Two titans, two launches, one very loud crossfire. Fans of first-person shooters are having a field day with the back-to-back release of the two biggest titles in the genre.
Within weeks of each other, Activision’s latest Call of Duty entry and EA’s newly-released Battlefield chapter landed on shelves — reviving one of gaming’s longest-running rivalries.
One battleground
Call of Duty: Black Ops 7 brings the franchise’s trademark mix of campaign, competitive multiplayer, and its ever-expanding Warzone ecosystem.
It is set in 2035, following the events of Black Ops 2 and Black Ops 6, when a sinister weapon was developed to turn fear into a tool of warfare, manipulating soldiers and civilians alike.
Early reactions note an emphasis on close-quarters maps and faster time-to-kill — a reaffirmation of what longtime players call its “muscle memory design” — featuring legacy characters like Mason and Menendez.
On the other hand, Battlefield 6 relies on sprawling environments, vehicle warfare, unpredictable sandboxes, and matches where the map itself feels like a character.
While Black Ops 7 tapped into psychological terror, the EA game is about an all-out war against a rising private army — a full-on geopolitical drama fought by mostly new faces.
It’s less about hero soldiers and more about fractured conflict zones, the kind of wartime ambiguity the franchise has historically embraced.

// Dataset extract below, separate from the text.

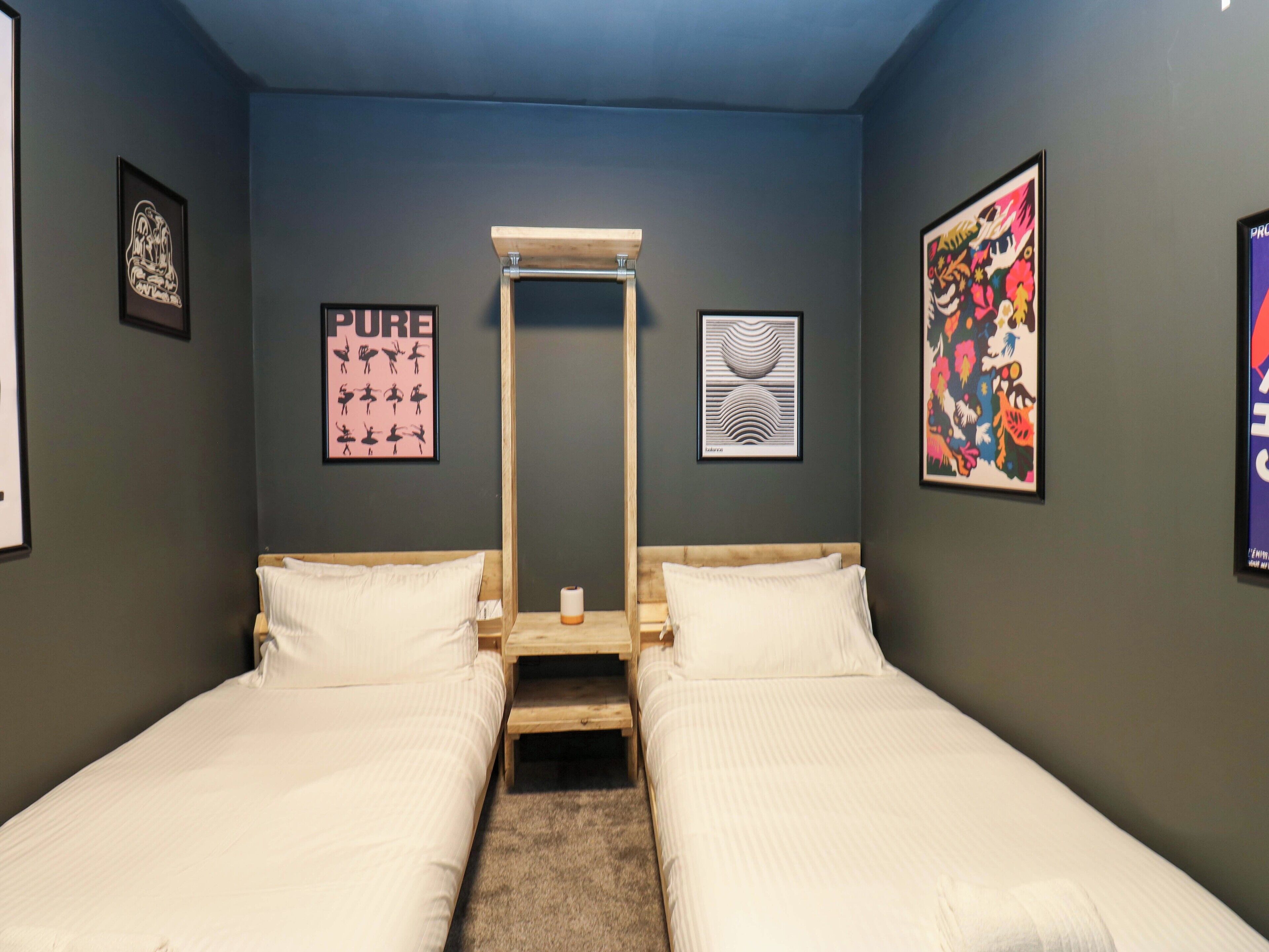 Une chambre avec deux lits, une échelle en bois et des œuvres d’art accrochées aux murs.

A rare double feature for FPS fans
With both games launching nearly side by side, players suddenly have two massive shooters competing for their trigger time. One is a tightly-choreographed firefight; the other is chaos at scale.
It’s a close contest between two very different philosophies. But for now at least, Call of Duty and Battlefield are back in the same arena — and the fight for player loyalty is very much on.